Muito mais que ensinamentos...

Muita gente me pergunta: por que você não está lecionando? A resposta é que eu simplesmente não sei porque. Talvez eu acredite que mereça um descanso de alguns meses após a minha cansativa monografia. E é o que estou fazendo. De resto, não sei mesmo a razão.

Quando eu fiz meus estágios, além de aprender, eu me diverti pra valer. Invariavelmente existia um aluno que surpreendia, e fazia com que eu acreditasse que talvez eu poderia mesmo ter vocação para a coisa. Mas como toda as profissões, nem tudo são flores.

Um dia, aflitos com tanta agitação na aula do primeiro ano do ensino médio, eu e um amigo que estagiava comigo interrogamos alguns alunos. Durante o intervalo fizemos a seguinte pergunta: Como deve ser um professor? Como vocês gostariam que os professores fossem?

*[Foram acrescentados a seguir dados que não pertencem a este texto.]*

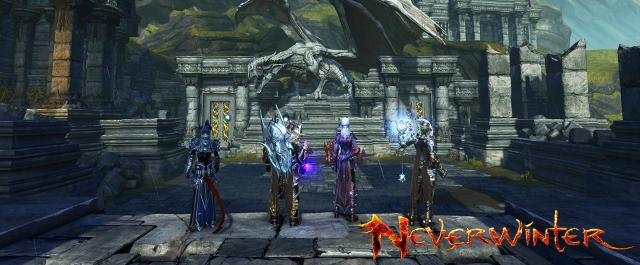 Версия игры Neverwinter для консоли PlayStation 4 выйдет 19 июля
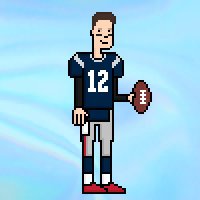 Celebrity Sports Punks (@celebsportpunks) 's Twitter Profile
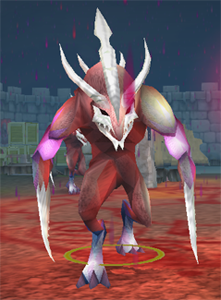 Lesser demon -New Varrock-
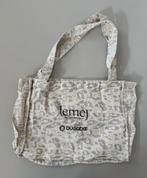 Lemej x Bugaboo canvastas limited editie, Ophalen of Verzenden, Zo goed als nieuw, Schoudertas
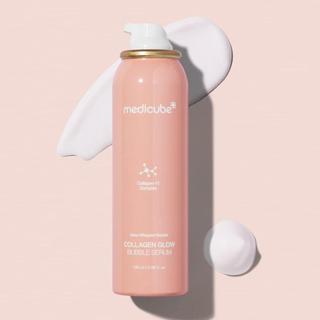 Tinh chất medicube Deep Collagen Glow Bubble Serum 100ml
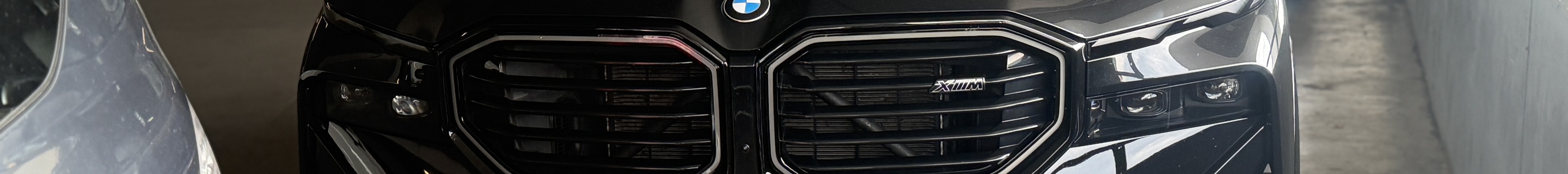 BMW XM G09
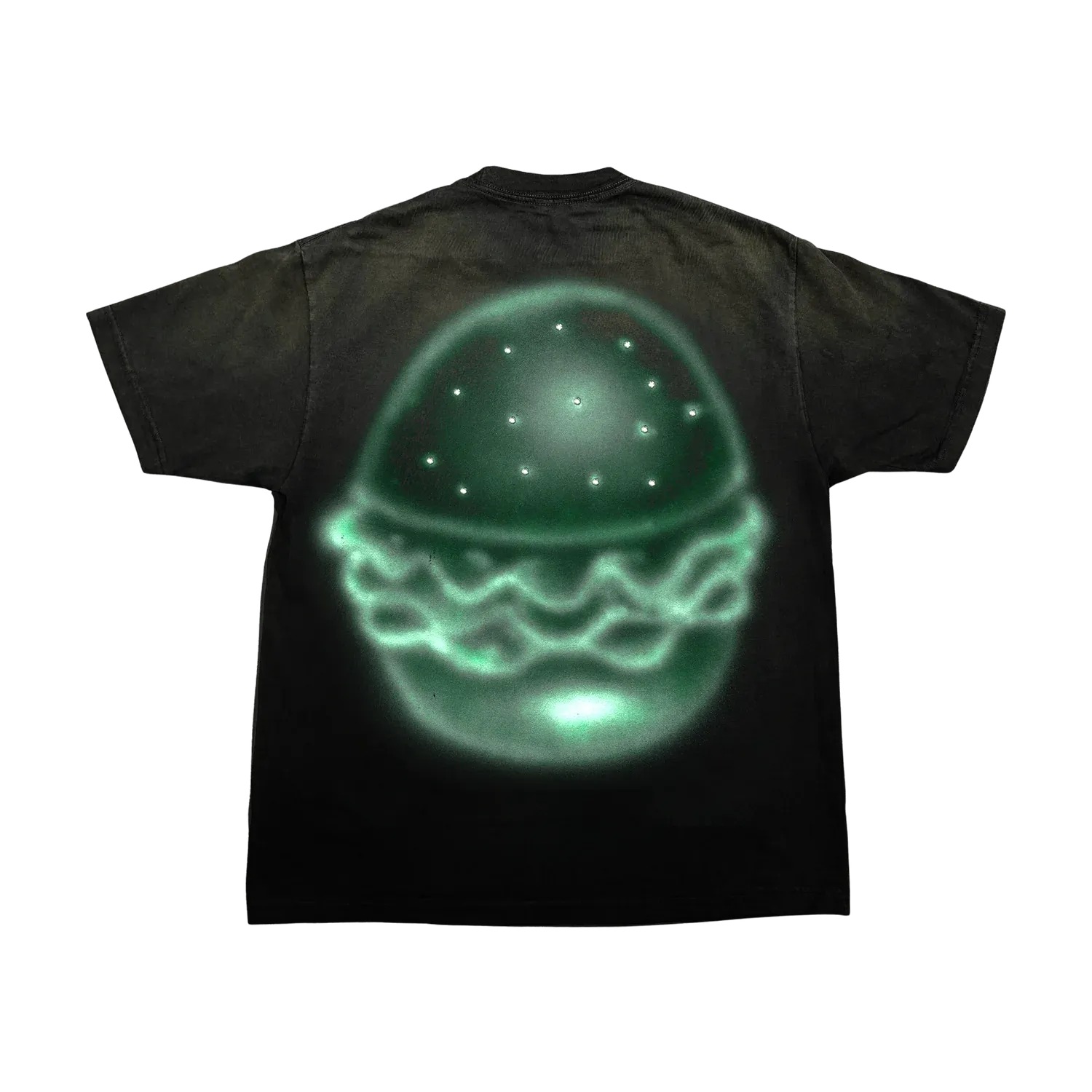 CJ X SPONGEBOB KRABBY PATTY TEE CJ X SPONGEBOB KRABBY PATTY TEE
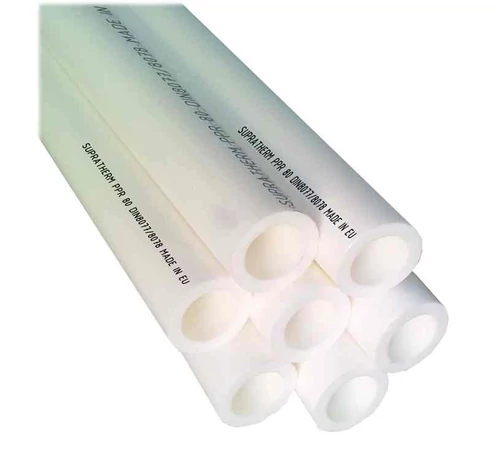 Teava PPR simpla DN 75, PN 20, bara 4 m, SUPRATHERM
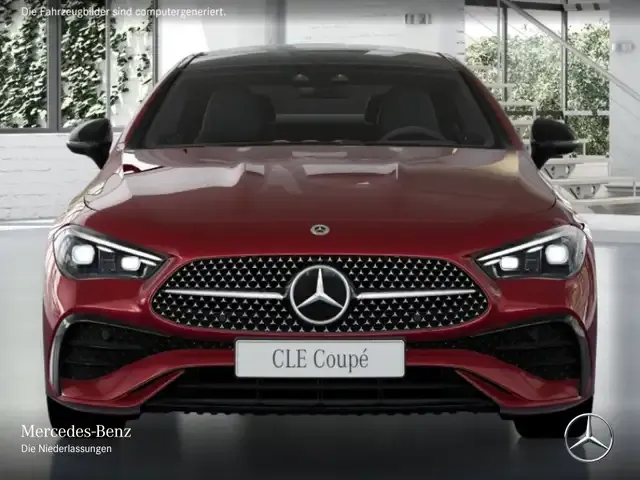 Mercedes-Benz CLE 300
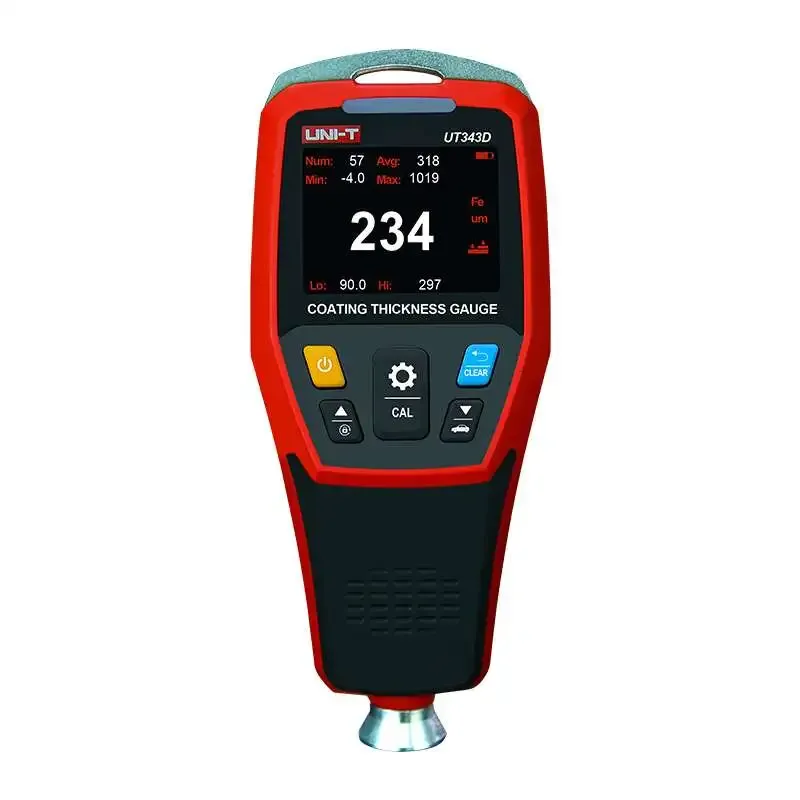 UNI-T UT343D Coating Thickness Gauge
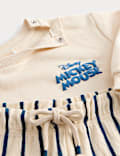 Mickey Mouse™ Sweatshirt Outfit (0-3 Yrs)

Não sabiam explicar direito. Um deles respondeu: "Eu gosto daquele professor que passa a matéria, mas brinca também", o outro disse: "O professor quando é firmeza, todo mundo gosta!", e quando esse último se pronunciou, os outros assentiram imediatamente.

O desafio era entender o que era o "professor firmeza". Eu interpretei como o professor amigo, talvez aquele mais descontraído, que faz piada e no fim da aula está aberto para um diálogo.

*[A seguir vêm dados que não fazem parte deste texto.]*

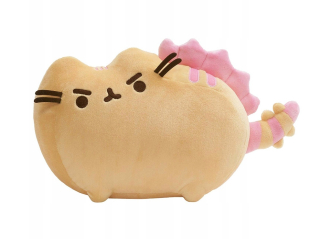 Pusheen - Mascot mačka Puschenosaurus Dragon Dinosaurus 19x32cm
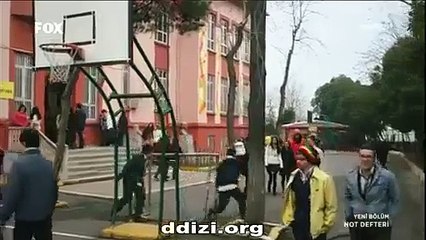 Not Defteri 2 Bölüm 4 Kisim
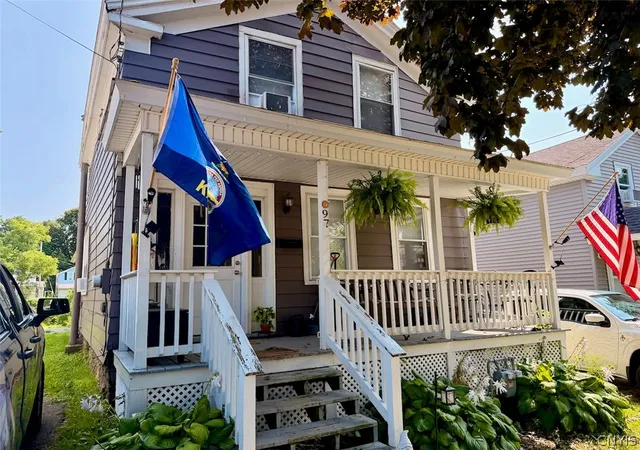 Photo 1 of Single family home for sale at 97 Ontario St, Oswego, NY 13126 | MLS# S1706832 | Listing updated on 2026-08-13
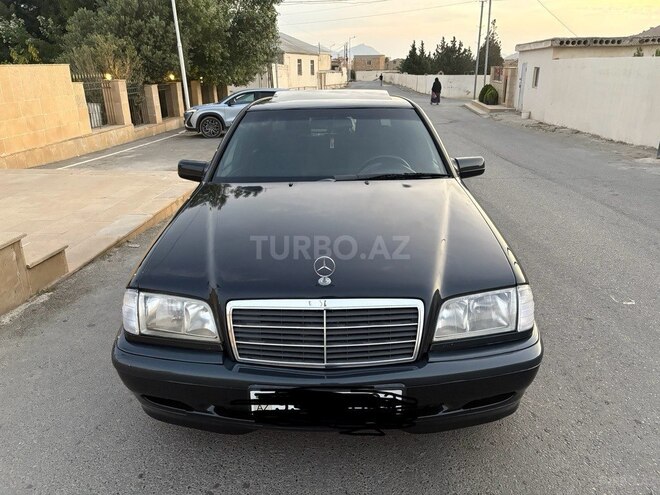 Mercedes C 220 d 1998, 412,121 km - 2.2 l - Bakı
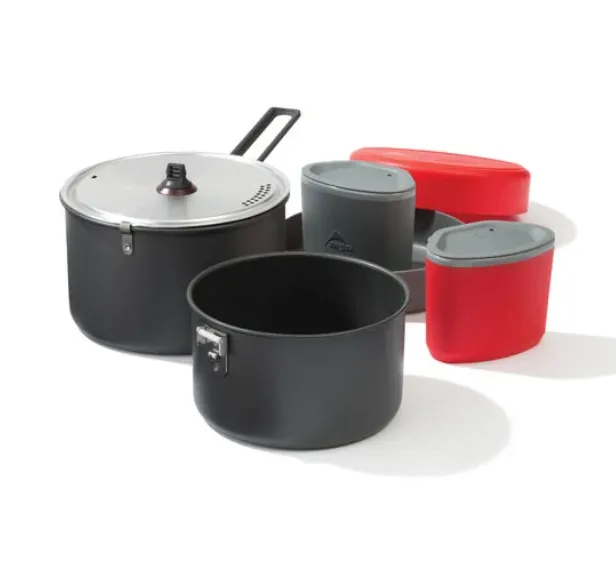MSR Quick 2 Cook Set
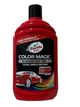 Полироль для кузова с восстановлением цвета Turtle Wax Color Magic Red 500 мл - изображение 1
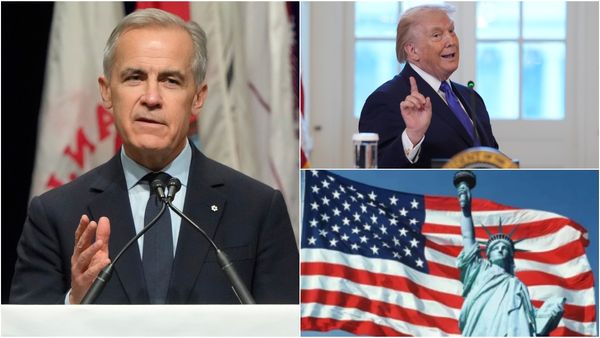 அமெரிக்காவின் ஆதிக்கம் முடிவுக்கு வந்துவிட்டது.. கனடா பிரதமர் சொன்ன வார்த்தை.. ஒரு நொடி கப்சிப்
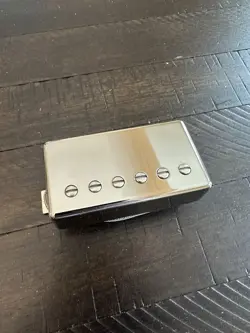 GIBSON BURSTBUCKER 1 NECK HUMBUCKER PICKUP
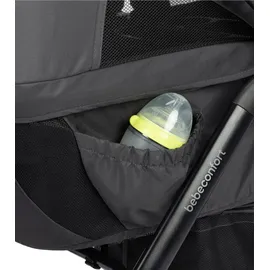 Bebeconfort Helios, Zwillingswagen, Mineral Graphite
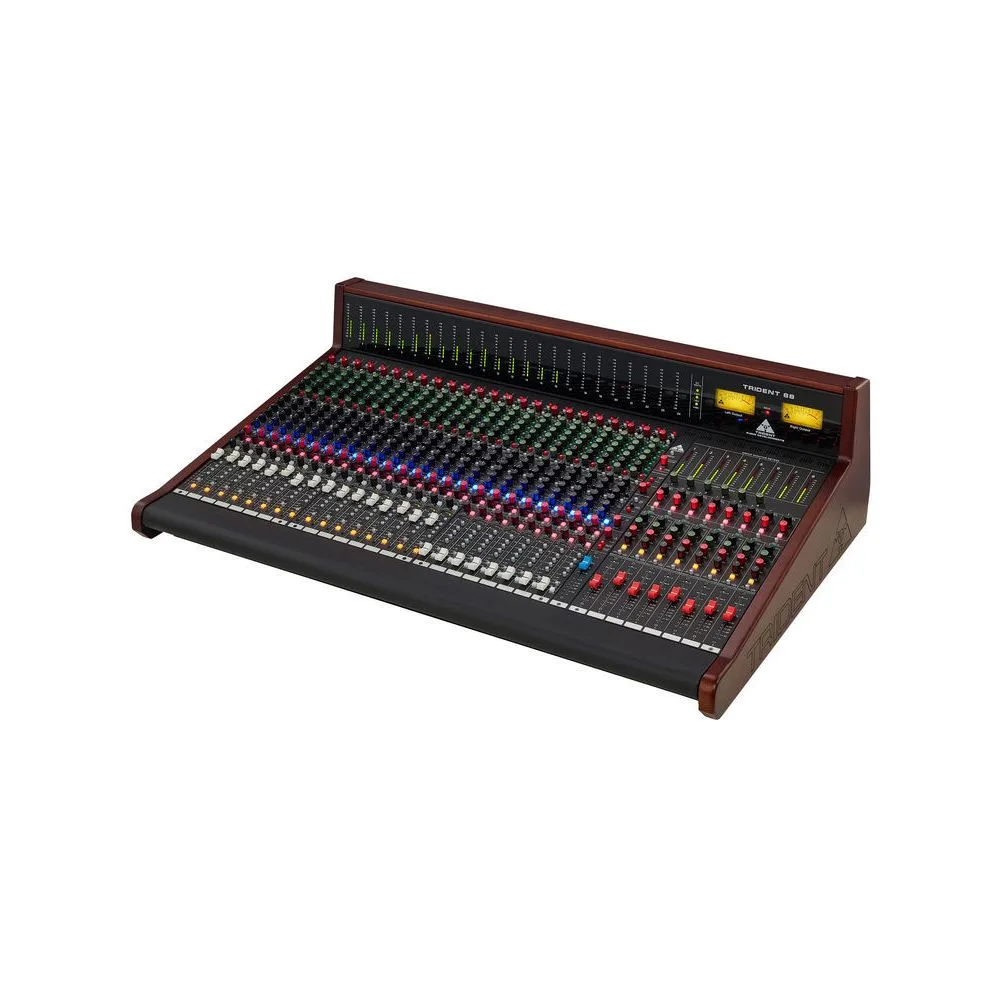 Trident Audio Series 68 Console 24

Ser amigo dos alunos? Sim, pode até ser. Mas muitas vezes, se a gente dá a mão, eles querem o pé! Prova disso é que alguns alunos conseguiram tirar minha calma diversas vezes, entretanto como uma professora que se preze, fiz de tudo para manter meu equilíbrio e não deixar transparecer nenhuma insegurança. Consegui contornar algumas situações inusitadas, como a vez em que o aluno tirou fotos das minhas costas (bem, não era bem as costas...) utilizando um celular, ou da vez que um outro quase fez a sala pegar fogo com um isqueiro em mãos.

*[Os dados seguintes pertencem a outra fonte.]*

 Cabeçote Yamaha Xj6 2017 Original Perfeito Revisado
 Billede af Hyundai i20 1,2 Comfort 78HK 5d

Não sei se fui a mais sensata diante das situações, mas acho que eles não se esqueceram fácil de mim. Eu criei uma tática particular: escapava das situações quase que da mesma forma que eles as criavam. Difícil explicar, mas funcionava, assim como uma espécie de "troco".

Agora, o que jamais vou me esquecer é das salas especiais! Mas que delícia era trabalhar ao lado da intérprete de surdos-mudos. Aqueles rostinhos angelicais de oitava série? Somente ali, naquela sala. A maioria disciplinados e educados. Questionavam os temas, perguntavam, esclareciam dúvidas! Exemplares! Não vou dizer que tudo ali era fácil, três meninas surdas-mudas ficavam fofocando durante a aula! É, não é brincadeira, elas não paravam um minuto! Mas com jeitinho a intérprete pedia a colaboração das meninas que me olhavam de uma forma doce e um sorriso. Essa sala tinha um grande diferencial. Eu não tinha que manter a calma e me desdobrar para a sala se comportar. Eu tinha muitas vezes que ser imparcial e conter minhas emoções.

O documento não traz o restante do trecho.